Assignment
Go through the lines of the material and count the ones with the word "this". Give that count alone.
**** Input records
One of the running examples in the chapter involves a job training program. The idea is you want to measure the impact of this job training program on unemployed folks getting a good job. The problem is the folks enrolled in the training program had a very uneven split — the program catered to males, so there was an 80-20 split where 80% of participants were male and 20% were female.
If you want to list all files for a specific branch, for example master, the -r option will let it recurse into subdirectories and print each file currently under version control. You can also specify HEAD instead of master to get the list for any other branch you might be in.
********
**** Input records
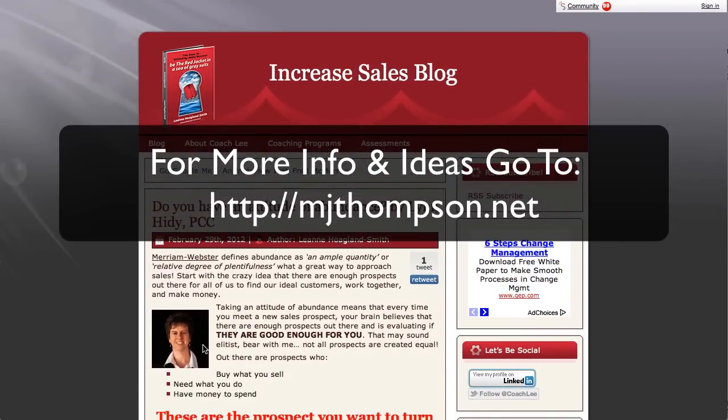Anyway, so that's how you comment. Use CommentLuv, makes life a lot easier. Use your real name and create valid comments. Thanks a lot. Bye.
********
**** Input records
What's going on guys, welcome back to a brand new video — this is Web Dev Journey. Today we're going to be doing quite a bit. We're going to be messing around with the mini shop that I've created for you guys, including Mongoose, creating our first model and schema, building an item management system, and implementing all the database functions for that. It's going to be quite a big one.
********
Result of the task
2